諸伏side
俺は2人にお願いがある。
「そう言えばさ、今週末暇?」
「ひまー」
「暇だけど、どうした?」
「兄さんに会ってほしいんだ」
「え、でも長野に居るって」
「今週末、遊びに来るんだって」
「へえ」
「いいのか?家族水入らずの時間だろ?」
「兄さんに2人を親友だって紹介したいんだ!」
「いいけど」
「ほんと?!ゼロは?」
「ああ、いいよ」
「ありがとう!」
そして迎えた週末。
「兄さん!」
「景光。大きくなったな」
「大人っぽいヒロって感じするー」
「分かる」
「ああ、紹介するね。この2人、降谷零君と五条芹那ちゃん。あだ名がゼロ、セリって言うんだ。かっこいいだろ!2人とも親友なんだ。ゼロは同じ警察官を目指してるんだ」
「初めまして。五条芹那と申します。いつも景光君にはお世話になっております」
いつもの芹那からは考えられないくらいに丁寧な挨拶に驚く俺とゼロ。
「…は、初め、まして。降谷零です」
「丁寧にありがとう。私は諸伏高明。よろしくお願いします」
「「よろしくお願いします」」
「まずは、景光の失声症を治してくれてありがとう。ずっと直接お礼を言いたかったんだ」
「いえ、景光君が頑張ったからですよ」
それから色んなことを話した。終始2人は俺と兄さんの会話に相槌を打っていた。兄さんに会わすことが出来て、俺はとても満足だった。
「じゃあね、兄さん!」
「ああ、またな。

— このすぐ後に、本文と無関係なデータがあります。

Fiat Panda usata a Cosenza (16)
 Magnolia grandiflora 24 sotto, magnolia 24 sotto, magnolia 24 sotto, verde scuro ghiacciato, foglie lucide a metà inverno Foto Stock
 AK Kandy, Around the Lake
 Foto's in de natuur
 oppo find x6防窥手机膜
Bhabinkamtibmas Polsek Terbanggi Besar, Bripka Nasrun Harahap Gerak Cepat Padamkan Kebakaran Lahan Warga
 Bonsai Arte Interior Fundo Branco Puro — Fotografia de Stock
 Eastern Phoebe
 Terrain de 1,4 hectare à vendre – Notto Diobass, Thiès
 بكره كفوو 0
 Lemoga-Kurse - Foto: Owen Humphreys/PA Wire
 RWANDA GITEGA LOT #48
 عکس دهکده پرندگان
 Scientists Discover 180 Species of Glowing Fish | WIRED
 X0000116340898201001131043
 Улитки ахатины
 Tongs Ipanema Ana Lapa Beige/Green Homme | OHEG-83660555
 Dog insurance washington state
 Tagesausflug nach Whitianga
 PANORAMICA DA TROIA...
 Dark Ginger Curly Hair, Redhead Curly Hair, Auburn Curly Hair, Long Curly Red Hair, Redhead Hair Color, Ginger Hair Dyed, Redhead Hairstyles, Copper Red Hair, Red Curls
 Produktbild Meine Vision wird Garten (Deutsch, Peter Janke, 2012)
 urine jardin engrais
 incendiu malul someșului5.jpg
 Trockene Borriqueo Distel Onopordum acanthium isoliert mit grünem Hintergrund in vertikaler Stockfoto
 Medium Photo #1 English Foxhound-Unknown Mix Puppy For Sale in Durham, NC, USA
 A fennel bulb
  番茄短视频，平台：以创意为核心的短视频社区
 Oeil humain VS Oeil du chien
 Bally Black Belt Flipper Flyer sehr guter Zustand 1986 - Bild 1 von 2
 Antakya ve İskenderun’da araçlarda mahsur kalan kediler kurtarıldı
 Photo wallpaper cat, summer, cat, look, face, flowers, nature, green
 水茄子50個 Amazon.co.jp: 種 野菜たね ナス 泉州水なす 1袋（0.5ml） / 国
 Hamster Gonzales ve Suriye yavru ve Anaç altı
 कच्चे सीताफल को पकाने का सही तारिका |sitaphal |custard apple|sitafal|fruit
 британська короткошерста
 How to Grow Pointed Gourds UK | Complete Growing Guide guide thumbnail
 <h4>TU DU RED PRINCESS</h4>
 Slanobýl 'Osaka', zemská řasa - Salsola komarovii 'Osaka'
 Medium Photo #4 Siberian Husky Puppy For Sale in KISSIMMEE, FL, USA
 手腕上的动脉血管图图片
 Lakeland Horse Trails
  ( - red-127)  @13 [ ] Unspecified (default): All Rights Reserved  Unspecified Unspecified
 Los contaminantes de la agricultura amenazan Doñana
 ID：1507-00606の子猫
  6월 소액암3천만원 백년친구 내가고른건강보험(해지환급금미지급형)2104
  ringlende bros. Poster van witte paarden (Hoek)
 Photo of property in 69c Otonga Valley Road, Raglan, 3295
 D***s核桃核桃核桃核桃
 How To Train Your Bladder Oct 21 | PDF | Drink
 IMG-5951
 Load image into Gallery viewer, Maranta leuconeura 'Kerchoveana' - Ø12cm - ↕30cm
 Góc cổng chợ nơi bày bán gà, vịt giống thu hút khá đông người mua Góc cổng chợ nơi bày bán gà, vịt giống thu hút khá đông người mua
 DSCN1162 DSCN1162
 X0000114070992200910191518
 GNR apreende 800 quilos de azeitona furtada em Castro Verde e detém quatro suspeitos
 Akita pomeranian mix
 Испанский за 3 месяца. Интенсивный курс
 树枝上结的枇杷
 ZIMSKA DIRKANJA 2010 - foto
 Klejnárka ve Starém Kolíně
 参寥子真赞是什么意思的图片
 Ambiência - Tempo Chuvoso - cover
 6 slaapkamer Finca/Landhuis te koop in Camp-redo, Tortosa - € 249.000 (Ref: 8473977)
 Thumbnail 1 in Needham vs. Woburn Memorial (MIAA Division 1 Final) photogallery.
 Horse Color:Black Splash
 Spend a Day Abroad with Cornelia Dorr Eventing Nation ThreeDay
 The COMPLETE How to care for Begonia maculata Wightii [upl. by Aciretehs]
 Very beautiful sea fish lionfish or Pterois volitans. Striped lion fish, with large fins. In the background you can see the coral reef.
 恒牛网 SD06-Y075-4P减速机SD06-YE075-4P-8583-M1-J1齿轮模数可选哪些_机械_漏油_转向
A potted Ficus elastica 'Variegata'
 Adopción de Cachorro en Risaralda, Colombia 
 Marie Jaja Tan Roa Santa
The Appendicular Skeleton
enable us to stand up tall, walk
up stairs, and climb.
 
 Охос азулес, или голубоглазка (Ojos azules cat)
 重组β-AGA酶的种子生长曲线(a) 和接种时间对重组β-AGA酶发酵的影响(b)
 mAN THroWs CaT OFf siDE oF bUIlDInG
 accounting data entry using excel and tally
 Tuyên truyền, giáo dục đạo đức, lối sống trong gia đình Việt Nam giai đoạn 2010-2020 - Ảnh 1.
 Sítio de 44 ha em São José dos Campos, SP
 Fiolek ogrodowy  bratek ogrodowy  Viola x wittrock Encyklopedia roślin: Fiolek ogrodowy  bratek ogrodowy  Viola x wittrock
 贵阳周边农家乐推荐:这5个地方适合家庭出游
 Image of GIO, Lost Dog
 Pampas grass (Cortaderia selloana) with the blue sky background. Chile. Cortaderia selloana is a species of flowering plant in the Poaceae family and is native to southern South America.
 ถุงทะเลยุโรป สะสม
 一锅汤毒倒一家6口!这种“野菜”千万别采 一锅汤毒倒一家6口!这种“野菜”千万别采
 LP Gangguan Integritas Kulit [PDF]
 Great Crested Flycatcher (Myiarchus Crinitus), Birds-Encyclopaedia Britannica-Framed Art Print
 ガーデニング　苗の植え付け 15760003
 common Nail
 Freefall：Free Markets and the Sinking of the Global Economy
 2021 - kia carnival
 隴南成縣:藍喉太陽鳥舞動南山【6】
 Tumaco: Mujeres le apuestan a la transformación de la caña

おふたりとも、景光をよろしくお願いします」
「「はい」」
その会話を最後に、兄さんと別れた。
「そう言えば2人は兄弟居るの?」
「俺は居ない」
「私は双子の兄が一人いるよ」
「「え!」」
「ん?」
「でも、小学校も中学校もお兄さん居ないよね?」
「あー、小中別の学校に通ってるの」
「…仲悪いのか?」
「いや、全然。ふつーだよ。ただ、ちょっと家庭の事情でね」
「そうなんだ」
そう言ったセリの目はつまらなそうだった。そう言えば、セリのこと、あまり知らないな。